The Bad Doctor by Ian Williams book cover

The Bad Doctor

by Ian Williams · 2014

A graphic novel by a working GP about a fictional small-town doctor quietly drowning in OCD, professional guilt, and the gap between what medicine promises patients and what it can actually deliver.

Worth reading? The Bad Doctor is a rare graphic novel that treats a doctor's inner life as seriously as his patients' -- Iwan James is not a heroic clinician but an anxious, self-doubting one, managing undiagnosed OCD while trying to hold together a rural Welsh practice. It's a better window into physician burnout than most prose memoirs because the comic format lets Williams render obsessive thought spirals visually rather than just describing them.

Full TitleThe Bad Doctor: The Troubled Life and Times of Dr. Iwan James
AuthorIan Williams
Published2014
CategoryBiographies & Memoirs

ISBN: 9780271065939ISBN10: 0271065934ASIN: 0271065934

The Verdict

What sets this apart from the wave of doctor-memoirs is the format – Williams draws Iwan’s intrusive thoughts as actual intruding panels, which does more to convey what OCD feels like from the inside than a paragraph of description could. It’s a quieter, sadder book than its title suggests; there’s no dramatic malpractice scandal here, just the slow grind of a decent doctor barely holding it together.

Read it if

you want an honest, visually striking portrait of the mental toll of practicing medicine, told by someone who's actually lived it

The Bad Doctor by Ian Williams: book review and summary

Book Summary

Doctors are expected to project competence and calm even when they're privately unraveling, and the gap between that performance and the doctor's actual inner state is the book's central tension -- Iwan hides his OCD symptoms from colleagues and patients while trying to function as their trusted caregiver.

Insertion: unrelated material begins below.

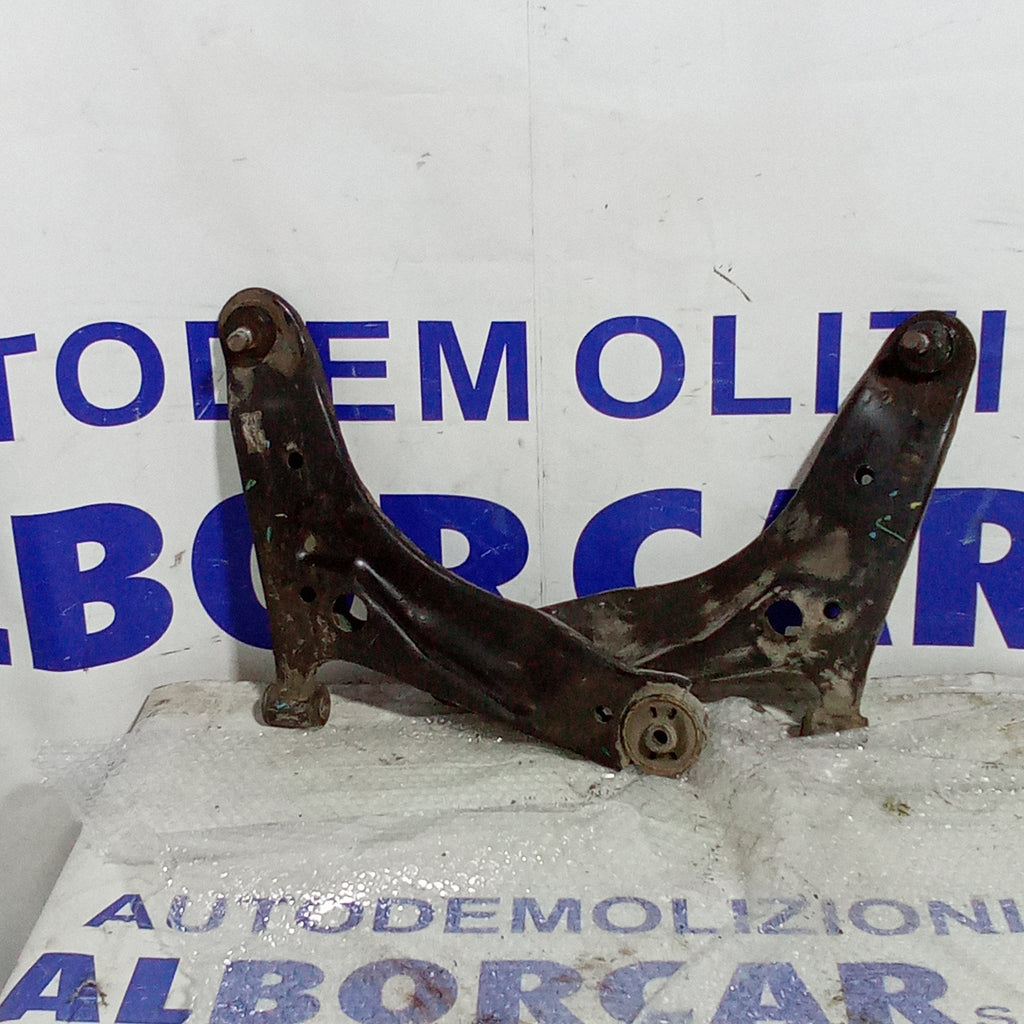 Coppia braccetti anteriori hiunday i10 1.0benzina anno 2007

Small-town general practice exposes a doctor to the full, unglamorous range of human suffering -- chronic pain, loneliness, addiction, death -- with none of the drama or resources of hospital medicine, and the book portrays the accumulated weight of that as its own kind of harm to the practitioner.

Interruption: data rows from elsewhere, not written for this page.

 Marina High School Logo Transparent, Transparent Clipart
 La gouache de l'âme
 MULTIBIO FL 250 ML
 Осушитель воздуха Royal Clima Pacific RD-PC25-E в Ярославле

Williams uses the comic medium itself as a tool for representing mental illness -- visual metaphors and fragmented panel structure convey obsessive intrusive thoughts in a way that prose summary can't easily replicate.

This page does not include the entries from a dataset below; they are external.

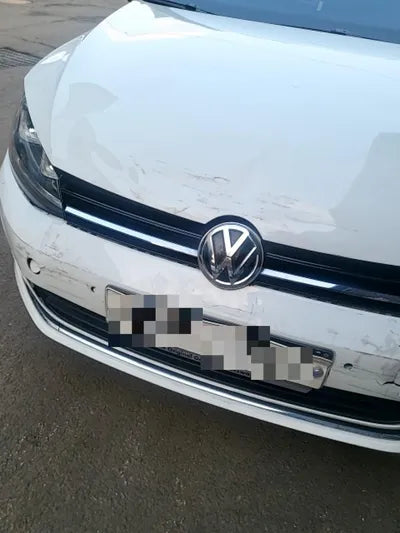 2015 Volkswagen Golf WVWZZZAUZFW222016 VIN:WVWZZZAUZFW222016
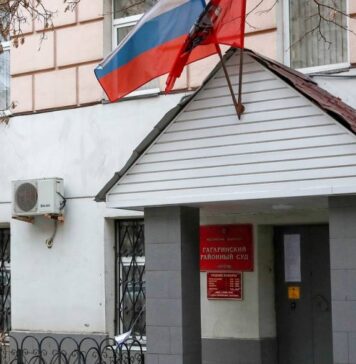 В Москве украинца осудили на три года за попытку контрабанды запчастей к самолетам МиГ-29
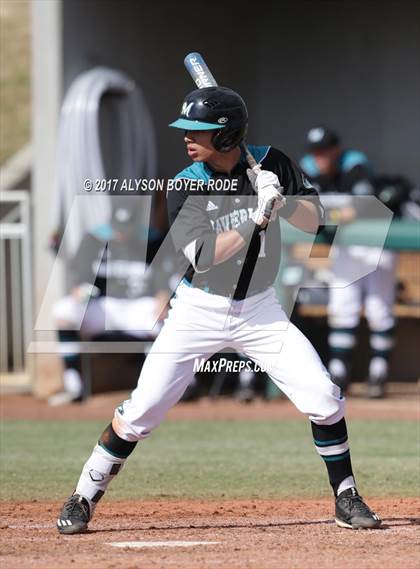 Thumbnail 1 in Archbishop McCarthy vs. Canterbury (National High School Invitational)  photogallery.
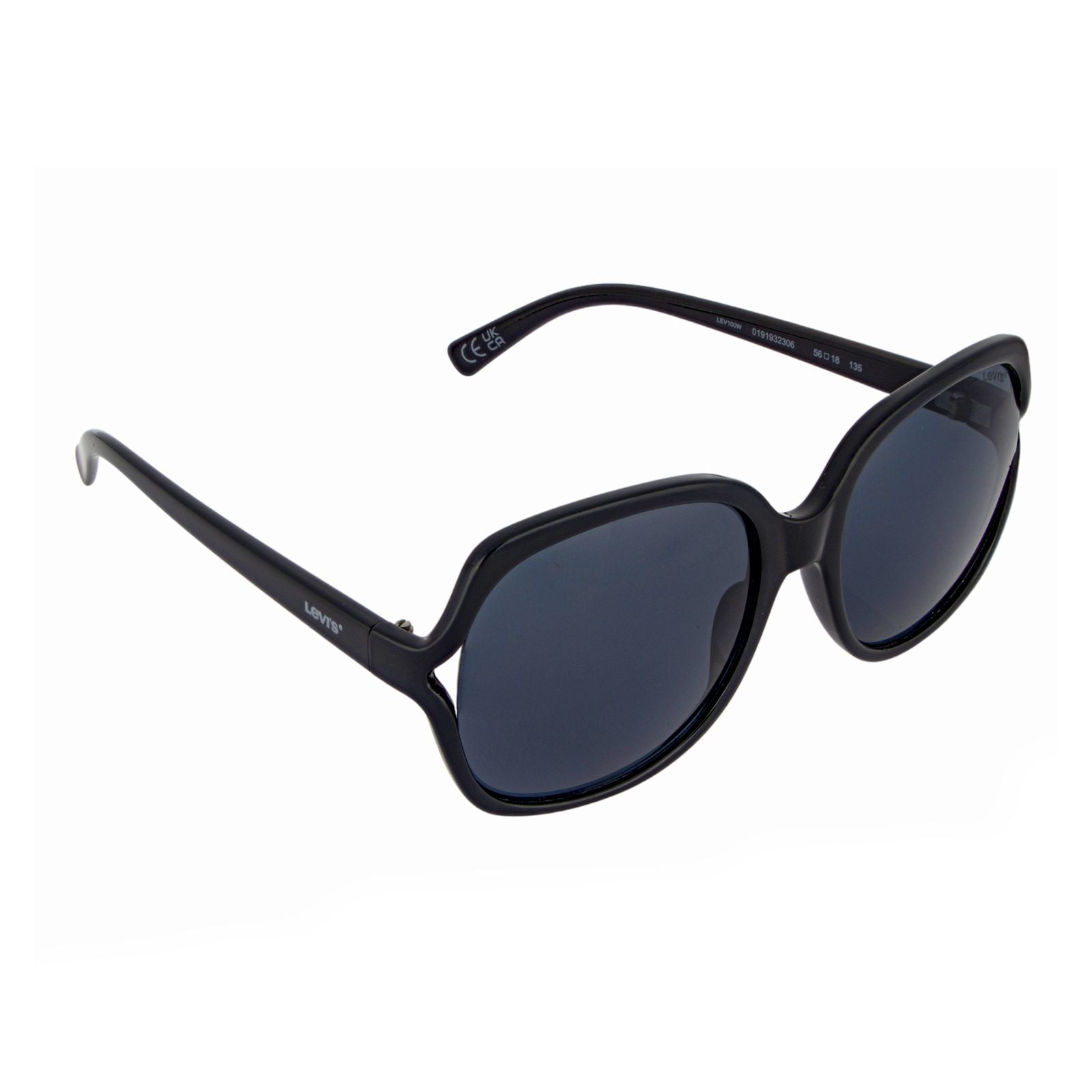 Levi's Unisex Sunglasses LV1010 S KB7 48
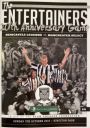 Programme cover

Top 8 Lessons from The Bad Doctor

  1. Iwan James hides his OCD and intrusive thoughts from colleagues, fearing it would undermine patients' and peers' trust in him as a doctor.
  2. The book portrays rural general practice as emotionally exhausting in ways hospital medicine's higher-drama cases don't fully capture.
  3. Iwan's guilt over a past patient death haunts him and shapes his current anxiety and self-doubt.
  4. The comic format is used deliberately to visualize obsessive thought loops rather than just narrate them.
  5. Iwan's marriage and home life suffer under the weight of work stress he can't articulate or share.
  6. The book critiques the culture of stoic invulnerability expected of doctors, arguing it actively worsens clinician mental health.
  7. A subplot involving a patient's UFO obsession is used to explore how doctors decide what counts as delusion versus meaningful belief.
  8. Williams (a practicing GP himself) draws on real clinical texture -- the mundane paperwork, the repetitive complaints, the small moral compromises -- to ground the fiction.

Frequently Asked Questions

Is The Bad Doctor worth reading?

Yes, especially if you want an honest, visually distinctive take on physician mental health and burnout from someone who's actually practiced medicine.

Is The Bad Doctor a true story?

It's semi-fictional -- Ian Williams is a real GP and cartoonist, and the book draws on his clinical experience, but the protagonist Iwan James is a fictional character, not a direct self-portrait.

Is The Bad Doctor appropriate for non-medical readers?

Yes -- no medical background is required. It reads as a character study of a struggling professional as much as a medical story.

Who should read The Bad Doctor?

Anyone interested in physician burnout, graphic novel memoirs, or honest portrayals of OCD and anxiety in high-stakes professions.